Limpar o nariz pode ser mais do que apenas uma gafe social.

Um estudo da Austrália sugere que pode haver uma ligação entre cutucar o nariz e desenvolver a doença de Alzheimer. 

O estudo – intitulado “Chlamydia pneumoniae pode infectar o sistema nervoso central através dos nervos olfatório e trigêmeo e contribui para o risco de doença de Alzheimer” – foi publicado na revista Scientific Reports.

Ele examinou a capacidade das bactérias de viajar pelo nariz e no cérebro em camundongos. 

“Chlamydia pneumoniae é um patógeno do trato respiratório, mas também pode infectar o sistema nervoso central (SNC)”, de acordo com o estudo – observando que há uma conexão “cada vez mais evidente” entre uma infecção por C. pneumoniae no sistema nervoso central e o desenvolvimento de demência tardia.

As bactérias viajaram entre o nariz e o cérebro em camundongos, revelou o estudo.

“Somos os primeiros a mostrar que a Chlamydia pneumoniae pode subir diretamente pelo nariz e entrar no cérebro, onde pode desencadear patologias que se parecem com a doença de Alzheimer “, disse o Dr. James St John, um dos co-autores do estudo, em um comunicado de imprensa publicado em 28 de outubro de 2022. 

“Vimos isso acontecer em um modelo de camundongo, e a evidência é potencialmente assustadora para humanos também”.

Quando o nariz de um camundongo foi ferido e infectado com C. pneumoniae, houve “aumento da infecção do nervo periférico e do bulbo olfatório”. 

St John é o chefe do Clem Jones Center for Neurobiology and Stem Cell Research na Griffith University em South East Queensland, Austrália . 

“Em camundongos, a infecção do SNC demonstrou ocorrer semanas a meses após a inoculação intranasal”, observaram os pesquisadores. 

Neste estudo, no entanto, os cientistas mostraram que o nariz e os nervos faciais dos camundongos, juntamente com o bulbo olfativo e o cérebro, foram infectados dentro de três dias após serem expostos à bactéria. 

“A infecção por C. pneumoniae também resultou na desregulação das principais vias envolvidas na patogênese da doença de Alzheimer em 7 e 28 dias após a inoculação”, disse o estudo. 

Quando o nariz de um camundongo foi ferido e infectado com C. pneumoniae, houve “aumento da infecção do nervo periférico e do bulbo olfatório”. 

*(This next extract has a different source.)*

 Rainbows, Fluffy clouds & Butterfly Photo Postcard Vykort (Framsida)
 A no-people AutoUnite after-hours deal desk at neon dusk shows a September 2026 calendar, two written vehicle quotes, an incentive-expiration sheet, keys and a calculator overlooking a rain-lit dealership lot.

Os próximos passos serão replicar o estudo com pacientes humanos para determinar se os narizes humanos são vias semelhantes para a infecção bacteriana, disse St John.

“Precisamos fazer este estudo em humanos e confirmar se o mesmo caminho funciona da mesma maneira”, disse ele no comunicado de imprensa. 

“É uma pesquisa que foi proposta por muitas pessoas, mas ainda não concluída.”

“O que sabemos é que essas mesmas bactérias estão presentes em humanos, mas não descobrimos como elas chegam lá”, acrescentou St John. 

A doença de Alzheimer é a quinta principal causa de morte nos Estados Unidos para adultos com mais de 65 anos, de acordo com os Centros de Controle de Doenças (CDC), e a sétima principal causa de morte para adultos em geral.

Cerca de 6,5 milhões de pessoas nos Estados Unidos vivem com a doença de Alzheimer, disse o CDC, tornando-se a forma mais comum de demência em adultos mais velhos. 

A doença de Alzheimer não tem uma causa conhecida, disse o CDC.

Enquanto isso, St John está aconselhando as pessoas a evitar cutucar o nariz ou arrancar os pêlos do nariz, pois isso pode danificar o interior do nariz, aumentando o risco de qualquer tipo de infecção. 

“Nós não queremos danificar o interior do nosso nariz, e pegar e arrancar pode fazer isso”, disse ele no comunicado à imprensa. 

“Se você danificar o revestimento do nariz, pode aumentar o número de bactérias que podem entrar no seu cérebro”.